This lesson is being piloted (Beta version)

Scaling and coordinates

Overview

Teaching: 10 min
Exercises: 5 min
Questions
  • How can we adjust the scales in a plot?

  • How can we zoom-in to specific parts of a plot?

  • How can we change the colors of the plot?

  • How do I make a pie-chart?

Objectives
  • Learn to zoom by adjusting scales

  • Learn how to make log-scale plots

  • Learn why you should not make a pie-chart

  • Learn how to control the color-scale

Changing scale and coordinates

ggplot choses a coordinate system for us. Like bins in histograms, that coordinate system might not be the right for our data.

One of the more commonly cited “rules” for plots and graphs is that the coordinate system should begin at zero. And ggplot does not necessarily give us a coordinate system that begins at zero. So how do we force it to?

diamonds %>% 
  ggplot(aes(depth, table)) +
  geom_point()
plot of chunk unnamed-chunk-2

plot of chunk unnamed-chunk-2

We can control the axes precisely by adding xlim and/or ylim to the plot. We need to provide these functions with a vector of length 2, indicating the minimum and maximum values we want:

diamonds %>% 
  ggplot(aes(depth, table)) +
  geom_point() +
  xlim(c(0,80)) +
  ylim(c(0,100))
plot of chunk unnamed-chunk-3

plot of chunk unnamed-chunk-3

It is nice to be able to control the two axes seperately. Because the coordinate system should not always begin at zero. Especially time-series, showing a development over time, should often not begin at zero.

Zooming

Let us zoom in on the plot above, and look at tables between 50 and 70, by adjusting the ylim:

diamonds %>% 
  ggplot(aes(depth, table)) +
  geom_point() +
  ylim(c(50,70))
Warning: Removed 12 rows containing missing values (`geom_point()`).
plot of chunk unnamed-chunk-4

plot of chunk unnamed-chunk-4

That returns a warning! Some data is not within the limits we placed on the y-axis. This might not be a problem. Or it might.

If we are doing more advanced stuff like scaling the axes (eg. logarithmically), cutting of data might be a bad idea.

Zooming in on particular areas of the plot is done better using the coord_cartesian function:

diamonds %>% 
  ggplot(aes(depth, table)) +
  geom_point() +
  coord_cartesian(ylim = c(50,70))
plot of chunk cartesian-zoom

plot of chunk cartesian-zoom

This will not cut out data from the plot, they are still there for other geoms that might need them, they are simply not plotted.

Why would that be a problem?

That would be a problem, because the ylim approach removes data before the plot is actually made.

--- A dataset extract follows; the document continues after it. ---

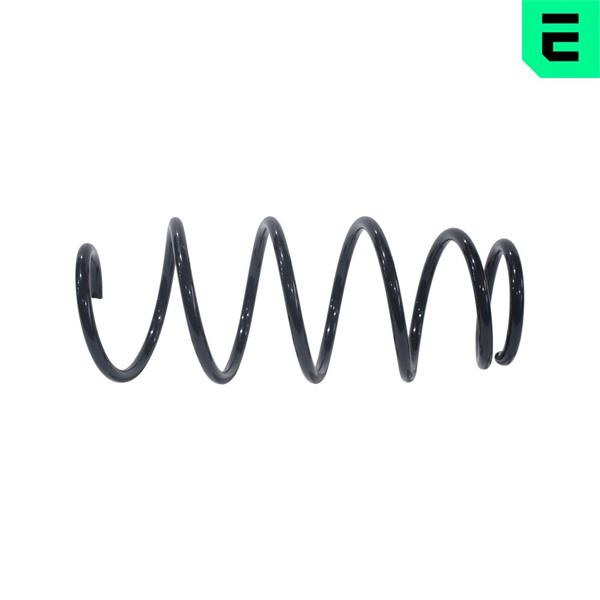 Arc elicoidal - OPTIMAL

Functions that would use these removed data will no longer have access to them. Let us show - without going deep into what is actually happening, the difference.

We can add a smoothing function to a plot, that adds a trendline to the data. This “smoother” is based on all the data available to it. Let us make two plots, one where we zoom using ylim, and one where we zoom using coord_cartesian:

library(patchwork)
p1 <- diamonds %>% 
  ggplot(aes(depth, table)) +
  geom_point() +
  ylim(c(50,70)) +
  geom_smooth() +
  ggtitle("Zoom by ylim", subtitle = "Smooth only uses a subset of data")

p2 <- diamonds %>% 
  ggplot(aes(depth, table)) +
  geom_point() +
  coord_cartesian(ylim = c(50,70)) +
  geom_smooth() +
  ggtitle("Zoom by coord_cartesian", subtitle = "Smooth uses all data") 


print(p1 + p2)
`geom_smooth()` using method = 'gam' and formula = 'y ~ s(x, bs = "cs")'
Warning: Removed 12 rows containing non-finite values (`stat_smooth()`).
Warning: Removed 12 rows containing missing values (`geom_point()`).
`geom_smooth()` using method = 'gam' and formula = 'y ~ s(x, bs = "cs")'
plot of chunk zoom_comparison

plot of chunk zoom_comparison

The trendlines are very different, because the data they are based on, is different. Also note that we get one set of warnings about missing data. When we zoom using ylim both geom_smooth, and geom_point are missing data. When we zoom using coord_cartesian they have access to all data - but do not plot it.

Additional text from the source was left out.